→ **EXERCISE GOAL**
For each entry, restate it word for word while omitting any image it holds.

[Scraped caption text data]
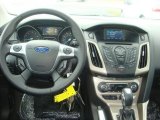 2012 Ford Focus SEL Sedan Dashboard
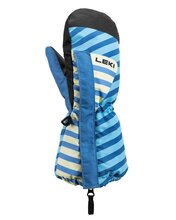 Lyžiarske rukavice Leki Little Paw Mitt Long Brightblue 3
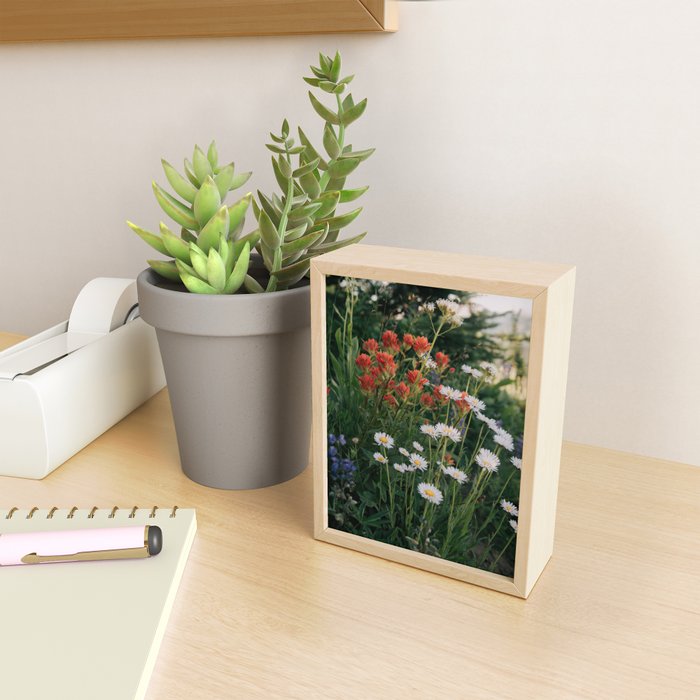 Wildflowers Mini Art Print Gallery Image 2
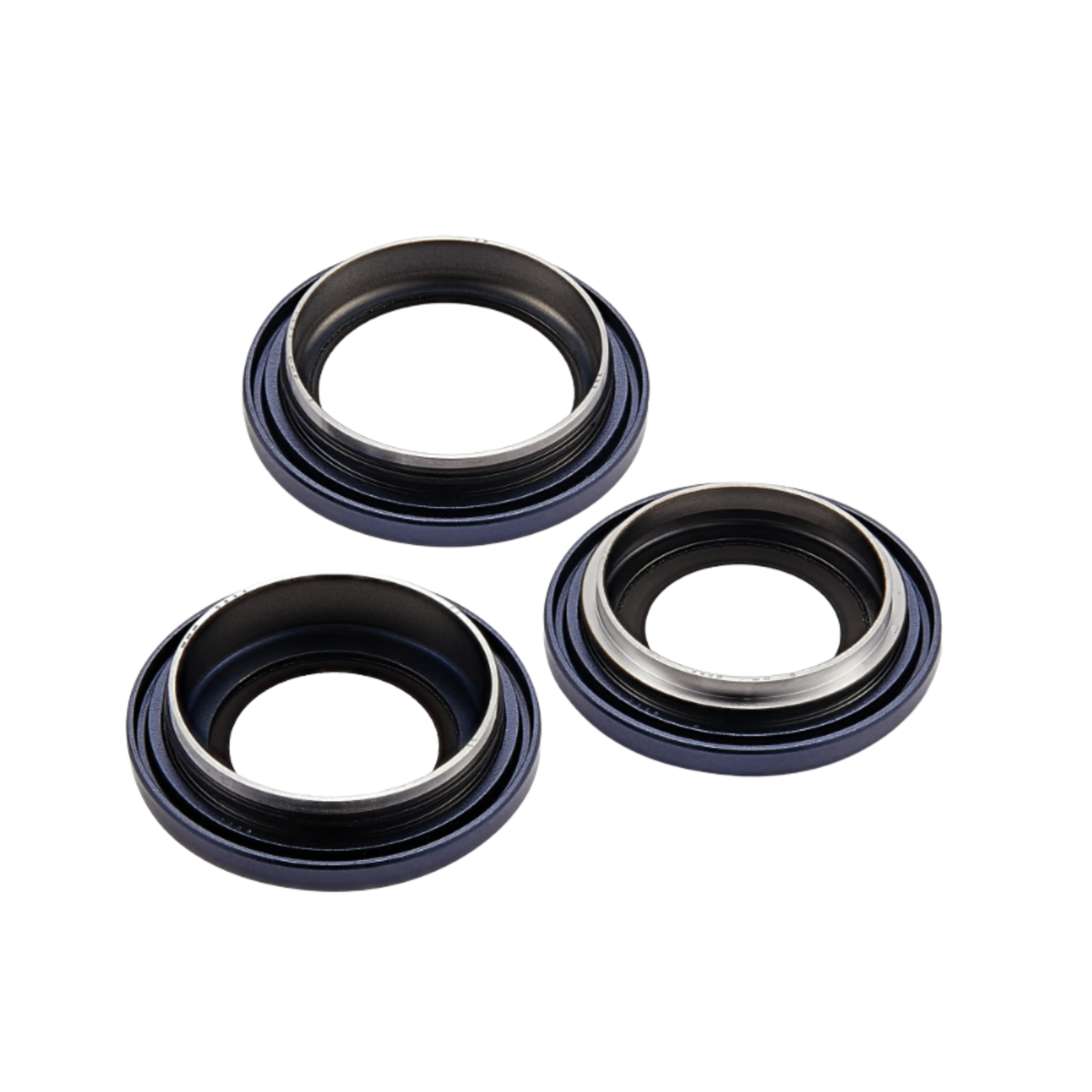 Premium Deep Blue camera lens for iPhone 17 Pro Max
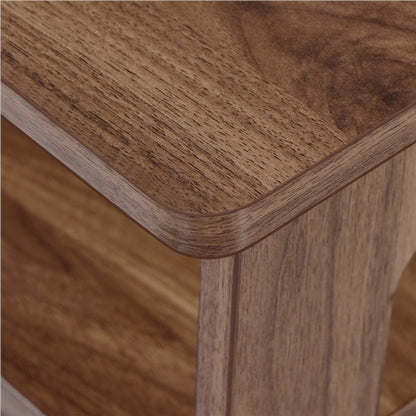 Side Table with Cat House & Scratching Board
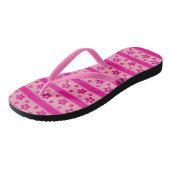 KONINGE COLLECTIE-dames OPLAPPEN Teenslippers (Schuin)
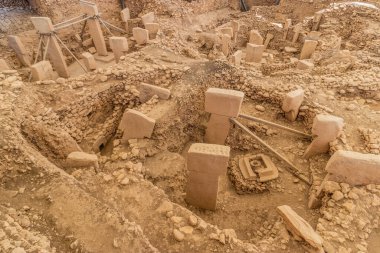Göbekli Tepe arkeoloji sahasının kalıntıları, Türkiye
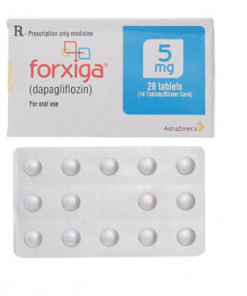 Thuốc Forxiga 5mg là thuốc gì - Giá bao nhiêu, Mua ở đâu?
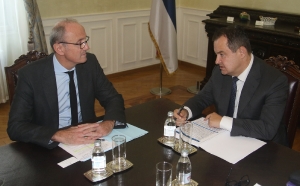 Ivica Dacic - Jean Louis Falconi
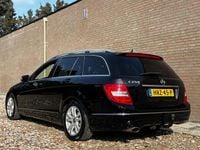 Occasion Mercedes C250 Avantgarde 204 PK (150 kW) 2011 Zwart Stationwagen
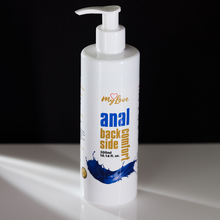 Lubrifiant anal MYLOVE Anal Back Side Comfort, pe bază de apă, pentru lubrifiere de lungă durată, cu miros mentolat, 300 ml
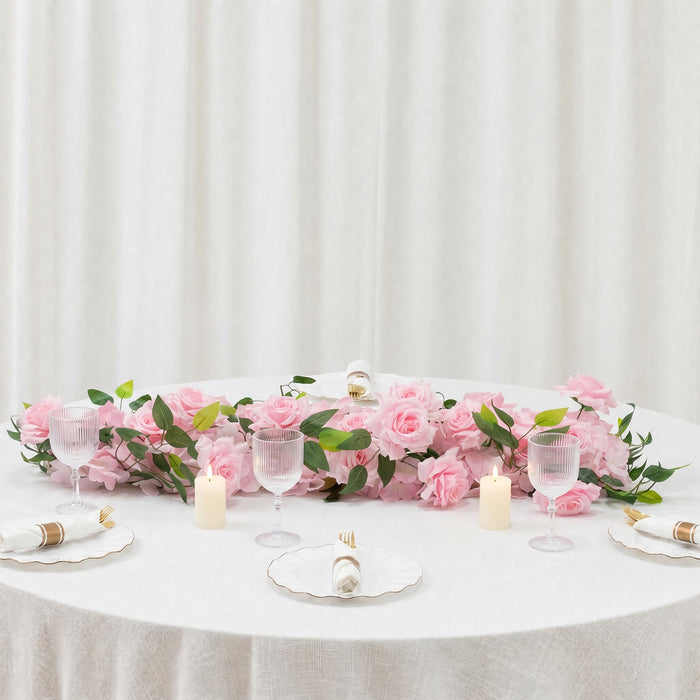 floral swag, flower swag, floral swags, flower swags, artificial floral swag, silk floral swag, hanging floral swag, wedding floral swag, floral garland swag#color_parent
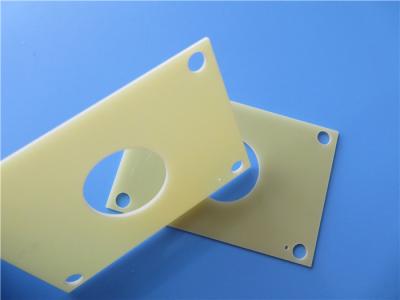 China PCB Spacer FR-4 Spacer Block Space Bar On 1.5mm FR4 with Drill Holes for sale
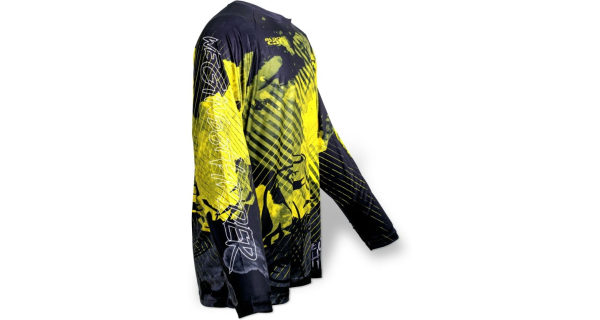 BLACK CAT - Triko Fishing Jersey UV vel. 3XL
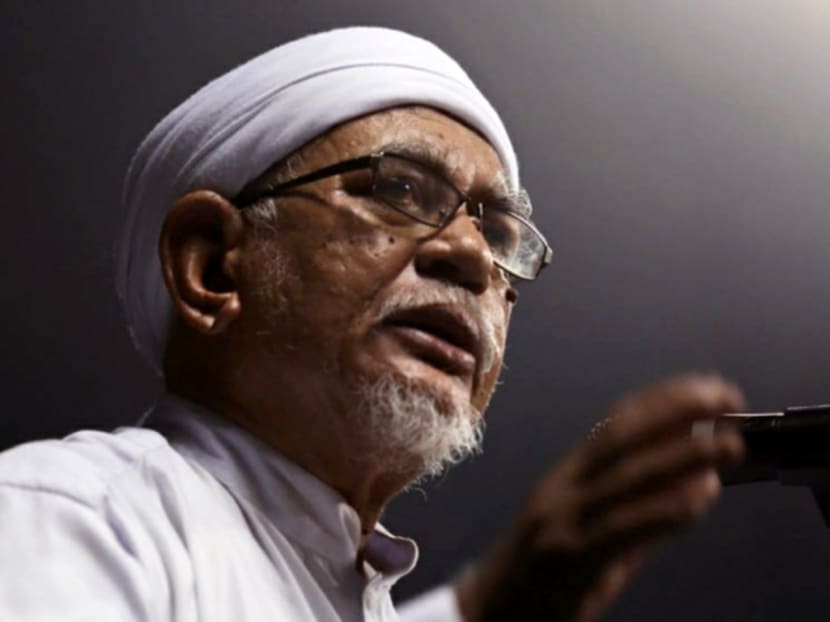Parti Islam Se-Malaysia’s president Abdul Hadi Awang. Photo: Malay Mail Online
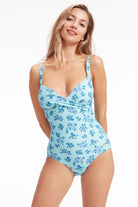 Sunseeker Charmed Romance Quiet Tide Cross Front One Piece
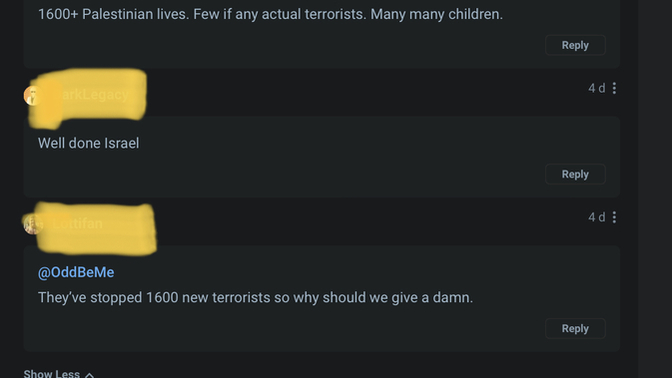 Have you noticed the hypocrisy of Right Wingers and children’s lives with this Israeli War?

→ **TASK RESPONSE**
 2012 Ford Focus SEL Sedan Dashboard
 Lyžiarske rukavice Leki Little Paw Mitt Long Brightblue 3
 Wildflowers Mini Art Print Gallery Image 2
 Premium Deep Blue camera lens for iPhone 17 Pro Max
 Side Table with Cat House & Scratching Board
 KONINGE COLLECTIE-dames OPLAPPEN Teenslippers (Schuin)
Göbekli Tepe arkeoloji sahasının kalıntıları, Türkiye
 Thuốc Forxiga 5mg là thuốc gì - Giá bao nhiêu, Mua ở đâu?
 Ivica Dacic - Jean Louis Falconi
 Occasion Mercedes C250 Avantgarde 204 PK (150 kW) 2011 Zwart Stationwagen
 Lubrifiant anal MYLOVE Anal Back Side Comfort, pe bază de apă, pentru lubrifiere de lungă durată, cu miros mentolat, 300 ml
 floral swag, flower swag, floral swags, flower swags, artificial floral swag, silk floral swag, hanging floral swag, wedding floral swag, floral garland swag#color_parent
 China PCB Spacer FR-4 Spacer Block Space Bar On 1.5mm FR4 with Drill Holes for sale
 BLACK CAT - Triko Fishing Jersey UV vel. 3XL
Parti Islam Se-Malaysia’s president Abdul Hadi Awang. Photo: Malay Mail Online
 Sunseeker Charmed Romance Quiet Tide Cross Front One Piece
 Have you noticed the hypocrisy of Right Wingers and children’s lives with this Israeli War?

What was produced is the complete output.